Pregnant MLA forces Alberta to address maternity leave

Finance Minister Charlene Johnson delivers the 2014 Newfoundland and Labrador budget speech in the house of assembly.

Charlene Johnson was a rookie in the Newfoundland and Labrador cabinet when she found out she was going to have her first child.

in April 2009, she would be the first sitting member of the House of Assembly in the province’s history to have a baby.

“I was very sick beginning seven weeks into my pregnancy so the secret got out very early because you can only say you have the stomach bug for so long,” she recalls.

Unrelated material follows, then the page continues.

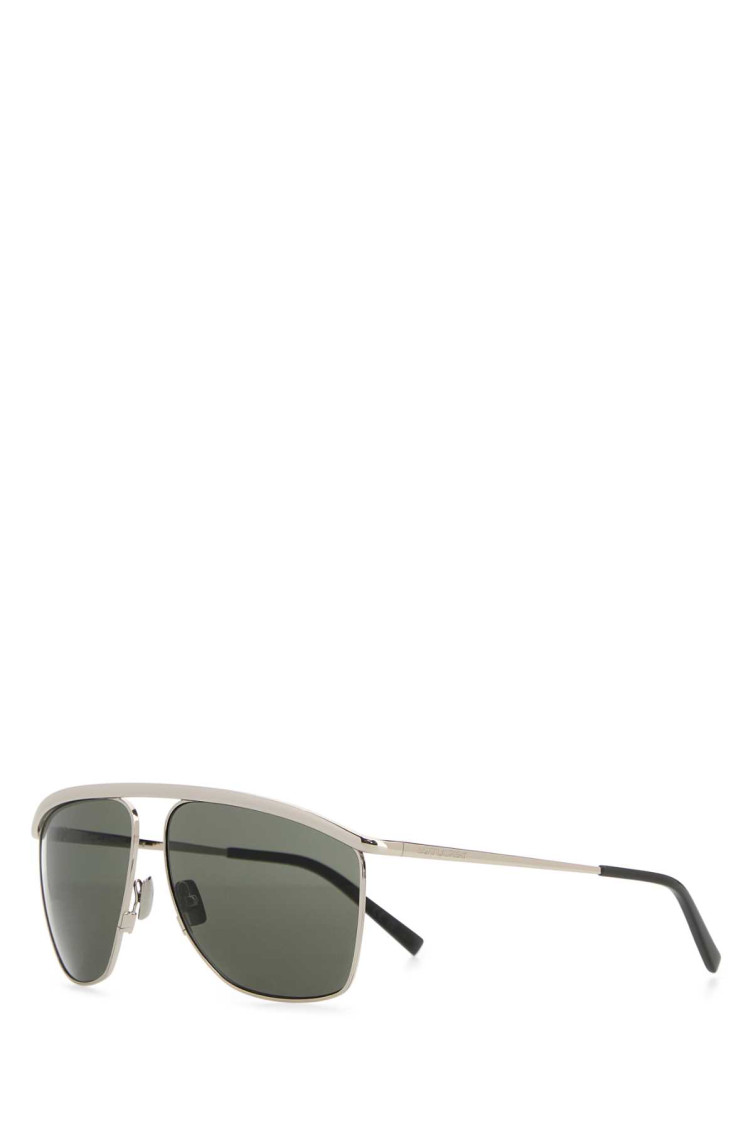 Saint Laurent Occhiali Da Sole Sl 820 In Metallo Argento Donna In Green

Johnson remembers her colleagues were all very supportive, but the Newfoundland and Labrador legislature had no provision for maternity leave.

The provincial government quickly revised legislation to add adoption, pregnancy and parental leave to the list of acceptable reasons to be absent from the House.

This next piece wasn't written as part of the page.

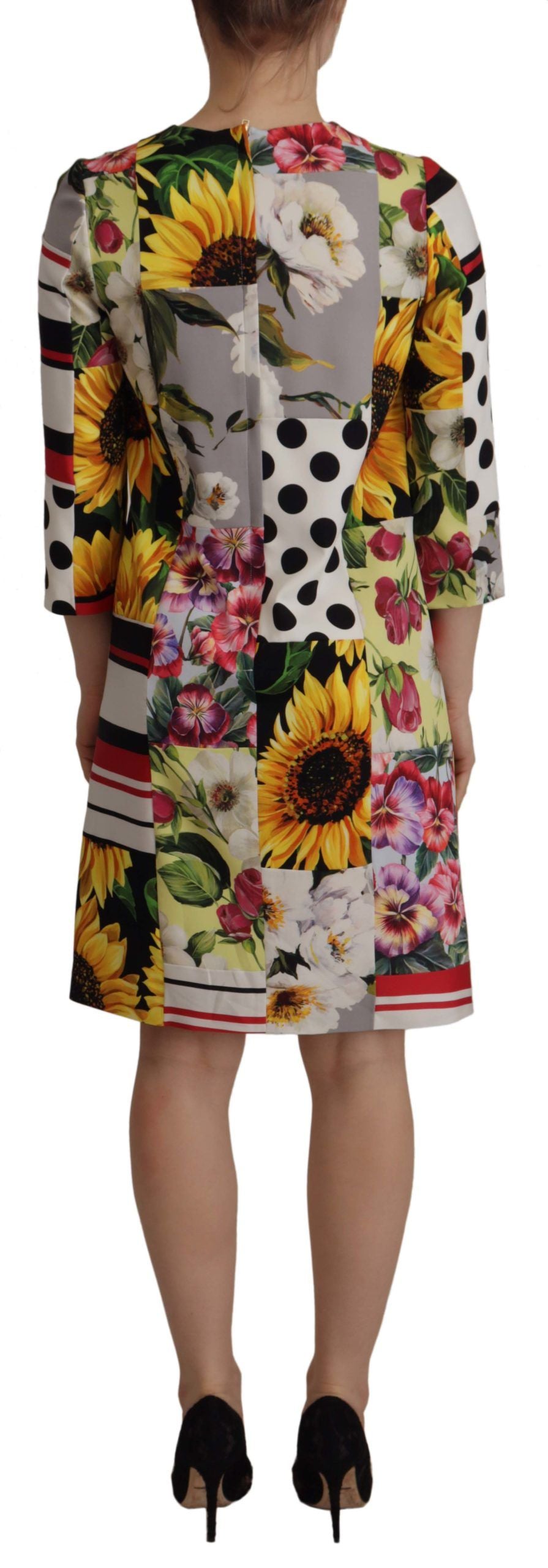 Vestido tubo de pachwork de jaquard con estampado floral Charmeuse multicolor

Still, Johnson was back in question period less than a month after giving birth to her daughter.

“I was doing my best to breastfeed despite some complications and so I wanted to be home as much as I could,” she tells Yahoo Canada News. “They say to nap when your baby naps; however, I worked when she napped. We were in the middle of the environmental assessment process for the Muskrat Falls project so it was important to me that I find the balance with home and work.”

Breaking the maternity barrier

Johnson may have been Newfoundland and Labrador’s first politician to give birth while in office, but she was not the country’s.

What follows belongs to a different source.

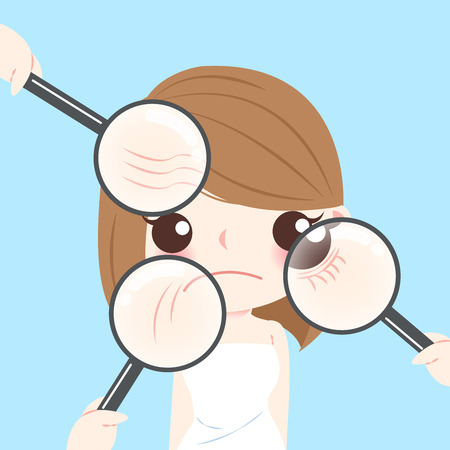 cartoon beauty woman with skincare problem on blue backgroundのイラスト素材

The Parti Québécois’ Pauline Marois gave birth to her second child 11 days after her inaugural electoral victory in 1981. Six days later Marois was at her cabinet swearing-in, as the minister responsible for the status of women.

B.C. Liberal party MLA Judi Tyabji reportedly took three days off after giving birth in 1992 and B.C. Premier Christy Clark returned to work just over a month after the birth of her son in 2001.

“The House is sitting,” Clark told reporters. “I can’t not be here.”

More than three decades after Marois broke the maternity barrier, Alberta has its first pregnant member of the legislative assembly (MLA). The province still has no provision for maternity leave.

Stephanie McLean is due in February. Under the current rules, not only is she not entitled to maternity benefits through the federal Employment Insurance program, but she does not qualify for an extended absence from the Legislative Assembly.

As it is now, McLean can enjoy 10 days off to spend with her first born. After that, she could be docked $100 in pay for every day she’s absent when the legislature is sitting.

Alberta Premier Rachel Notley has called the rules “archaic.”

“We’re looking at different ways to fix it, but we will fix it,” she told reporters this week.

“In the long term, obviously we’re going to change that piece of legislation, no question, it’s got to be fixed. It’s wrong. In the shorter term, we’re looking at different strategies to ensure that MLA McLean suffers no economic loss.”

McLean, a Calgary-area MLA, told the Edmonton Journal she intends to return to work as soon as possible after her delivery.

Owed to a support system that included her husband, family, friends, colleagues and an executive assistant “who certainly expanded on the definition of taking your work home,” Johnson made it work for more than five years.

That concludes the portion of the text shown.